Quelqu’un toque à la porte. Je crie que c’est occupé et reporte mon attention sur l’extérieur. C’est fou ce que j’aimerais être ailleurs qu’ici, à déambuler dans les rues de la ville loin du fardeau que j’ai à porter… Je fais semblant d’apprécier le piano depuis plus de vingt ans, je m’enfonce dans des mensonges de plus en plus gros pour que ma mère soit contente… en oubliant totalement ce que c’est, d’être heureuse.

Je n’ai pas envie de faire cette représentation, je ne veux pas jouer devant tant de personnes. Ce serait comme confirmer tout ce que j’ai toujours voulu éviter : crier au monde que le piano est ma vie, alors que c’est tout le contraire !

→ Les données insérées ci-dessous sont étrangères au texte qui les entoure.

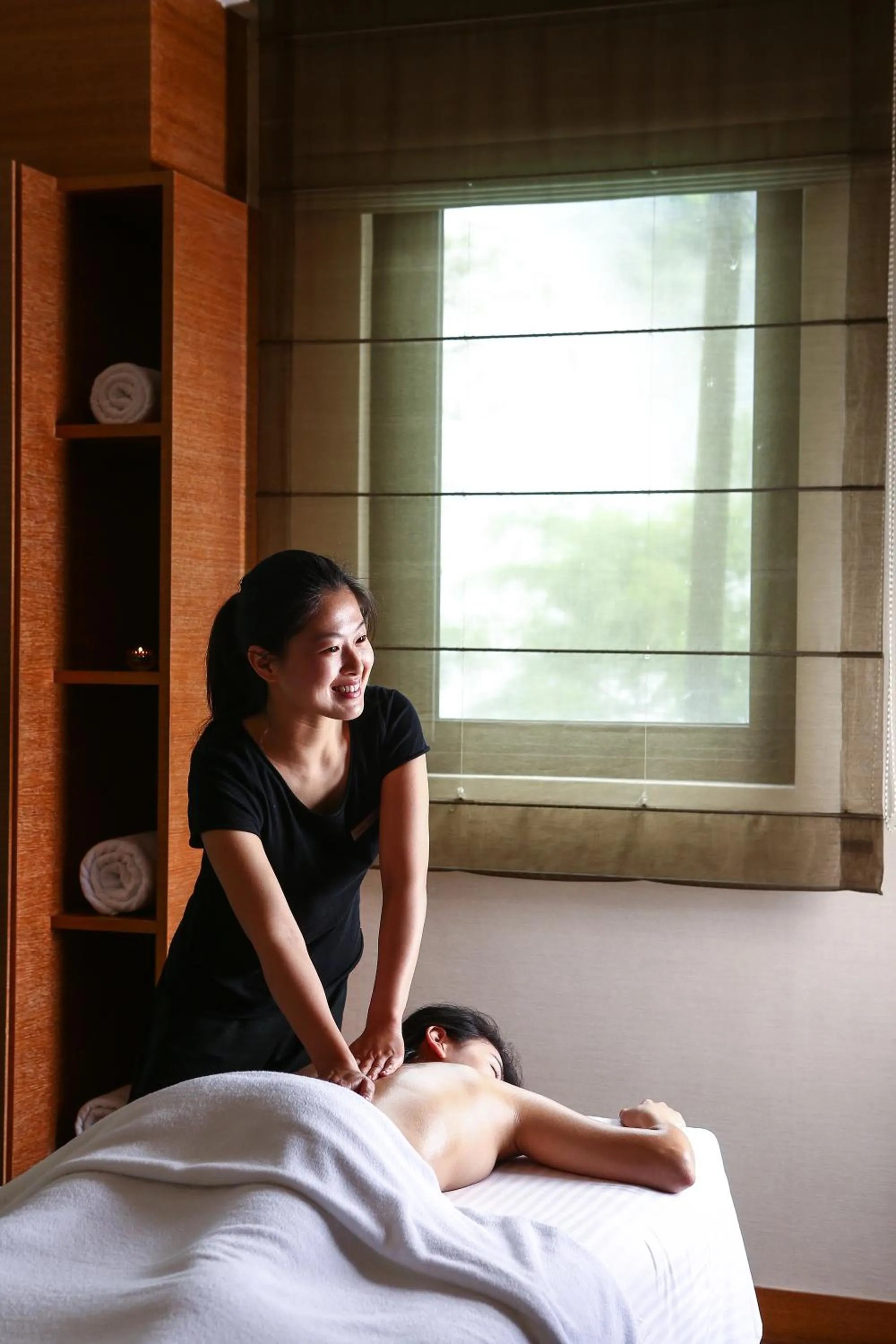 Massage in Villa 32 (Guests must be 16+)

Je m’accoude à la fenêtre et lorgne avec envie le coin de la rue, éclairé par la lueur dorée des lampadaires. Si loin et si près à la fois…

– Chérie ? Tu es là ?

Ma mère. Je ne peux vraiment pas être tranquille plus de cinq minutes !

– Une seconde, maman !

– Dépêche-toi, ta représentation va bientôt commencer !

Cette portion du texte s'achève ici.